Period of Performance: 09/30/2002 - 09/29/2004

$372K

Phase 2 SBIR

Recipient Firm

Insightful Corporation
INSIGHTFUL CORPORATION, 1700 WESTLAKE AVE N, STE 500
Seattle, WA 98109
Principal Investigator

Abstract

DESCRIPTION (provided by applicant): Industry transformation and rapid advancements are creating tremendous amounts of electronic multimedia information. We are developing a multimedia search agent for health data networks and data banks. The search agent employs a generalized probabilistic model that bridges the gap between automatic feature extraction and semantic understanding. What distinguishes our approach is the integration of Bayesian methodology with a fast and scalable semantic interpreter. The semantic interpreter can generate a bootstrap database of prior probabilities, overcoming a major weakness of the traditional probabilistic model. We also provide a principled approach to user feedback, contrasting existing probabilistic and nonprobabilistic ad-hoc methods. Relevance feedback on an initial database of prior probabilities can incrementally improve retrieval results to unprecedented levels of precision/recall. The model supports interactive definition and training of new semantic labels in a collaborative environment.

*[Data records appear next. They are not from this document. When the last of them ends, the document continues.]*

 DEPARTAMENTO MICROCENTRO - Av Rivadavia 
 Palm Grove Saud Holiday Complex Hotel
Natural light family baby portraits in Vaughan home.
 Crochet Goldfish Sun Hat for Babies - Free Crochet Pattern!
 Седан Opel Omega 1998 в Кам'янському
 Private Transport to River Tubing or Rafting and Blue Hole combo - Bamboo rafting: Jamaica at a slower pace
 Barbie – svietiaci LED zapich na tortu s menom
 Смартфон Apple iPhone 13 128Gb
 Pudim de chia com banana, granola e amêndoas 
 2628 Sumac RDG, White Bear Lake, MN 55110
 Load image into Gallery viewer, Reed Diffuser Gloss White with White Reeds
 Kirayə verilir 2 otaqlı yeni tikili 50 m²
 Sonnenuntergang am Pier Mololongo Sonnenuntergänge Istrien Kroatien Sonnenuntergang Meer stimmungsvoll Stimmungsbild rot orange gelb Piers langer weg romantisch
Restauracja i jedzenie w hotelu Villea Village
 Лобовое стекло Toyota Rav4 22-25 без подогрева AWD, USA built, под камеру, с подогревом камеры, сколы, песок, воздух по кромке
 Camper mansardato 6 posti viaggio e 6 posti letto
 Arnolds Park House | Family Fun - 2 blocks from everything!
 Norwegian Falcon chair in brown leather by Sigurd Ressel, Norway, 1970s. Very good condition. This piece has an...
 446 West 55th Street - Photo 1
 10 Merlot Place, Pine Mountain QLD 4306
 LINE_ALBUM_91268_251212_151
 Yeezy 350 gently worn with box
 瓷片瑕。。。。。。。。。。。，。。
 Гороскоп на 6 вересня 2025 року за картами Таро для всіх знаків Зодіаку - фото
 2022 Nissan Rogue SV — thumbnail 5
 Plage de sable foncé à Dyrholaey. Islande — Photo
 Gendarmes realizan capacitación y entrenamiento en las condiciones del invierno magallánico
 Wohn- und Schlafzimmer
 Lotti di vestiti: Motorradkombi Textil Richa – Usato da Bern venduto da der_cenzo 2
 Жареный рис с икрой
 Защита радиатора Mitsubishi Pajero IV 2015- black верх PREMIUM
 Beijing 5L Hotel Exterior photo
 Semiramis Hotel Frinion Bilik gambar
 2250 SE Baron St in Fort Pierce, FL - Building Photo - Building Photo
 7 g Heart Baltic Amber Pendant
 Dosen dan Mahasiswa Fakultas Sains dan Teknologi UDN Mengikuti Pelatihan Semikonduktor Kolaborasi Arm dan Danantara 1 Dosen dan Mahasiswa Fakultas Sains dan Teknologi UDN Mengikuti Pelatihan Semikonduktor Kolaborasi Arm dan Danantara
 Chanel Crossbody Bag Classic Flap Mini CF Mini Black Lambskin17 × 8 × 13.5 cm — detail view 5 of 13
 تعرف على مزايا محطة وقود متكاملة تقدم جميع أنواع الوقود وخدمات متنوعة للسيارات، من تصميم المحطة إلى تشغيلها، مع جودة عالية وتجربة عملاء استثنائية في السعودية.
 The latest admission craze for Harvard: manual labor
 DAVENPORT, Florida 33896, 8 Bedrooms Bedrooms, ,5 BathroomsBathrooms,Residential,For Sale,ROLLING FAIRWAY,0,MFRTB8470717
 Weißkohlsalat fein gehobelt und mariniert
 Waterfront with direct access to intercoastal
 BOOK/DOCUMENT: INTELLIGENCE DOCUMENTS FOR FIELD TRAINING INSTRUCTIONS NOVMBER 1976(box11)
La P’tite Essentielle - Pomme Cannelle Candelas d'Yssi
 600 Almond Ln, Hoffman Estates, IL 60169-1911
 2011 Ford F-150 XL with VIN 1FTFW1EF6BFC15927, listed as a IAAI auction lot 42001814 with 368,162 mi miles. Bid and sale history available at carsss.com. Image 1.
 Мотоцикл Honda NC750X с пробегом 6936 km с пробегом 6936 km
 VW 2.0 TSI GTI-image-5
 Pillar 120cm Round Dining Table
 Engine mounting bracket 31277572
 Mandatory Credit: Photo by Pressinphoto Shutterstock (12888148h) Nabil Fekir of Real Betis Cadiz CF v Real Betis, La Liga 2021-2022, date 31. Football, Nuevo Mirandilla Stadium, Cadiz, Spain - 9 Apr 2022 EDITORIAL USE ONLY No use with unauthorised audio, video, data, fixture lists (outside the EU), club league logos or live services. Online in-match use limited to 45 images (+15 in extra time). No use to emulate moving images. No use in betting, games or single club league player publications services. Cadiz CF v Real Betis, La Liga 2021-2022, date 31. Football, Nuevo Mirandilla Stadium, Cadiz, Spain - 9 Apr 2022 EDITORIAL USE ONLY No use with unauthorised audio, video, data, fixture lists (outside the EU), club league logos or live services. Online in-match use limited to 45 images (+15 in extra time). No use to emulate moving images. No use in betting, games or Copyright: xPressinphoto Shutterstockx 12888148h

Semantic labels organize index term dependencies in a tree-like structure with probabilities at each node, and allow the user to define concepts that match specific information needs more closely than the raw feature information found in an indexed database. Finally, we propose a comprehensive approach to the difficult problem of combining probability distributions, or relevance judgements, from different search engines. PROPOSED COMMERCIAL APPLICATIONS: The proposed methodology adds a customizable interpretive layer to electronic collections and archival multimedia databases. The Phase I prototype has opened an immediate partnership opportunity in this area. The Bayesian search and retrieval functions will become an add-on module to many database management systems. The ability to train the system to recognize visual concepts gives us a definite advantage In image mining. The decision-maker software can merge the results of different experts or search engines, a problem for which presently there are only ad hoc unsatisfactory solutions, and great opportunities in the Web and e-commerce.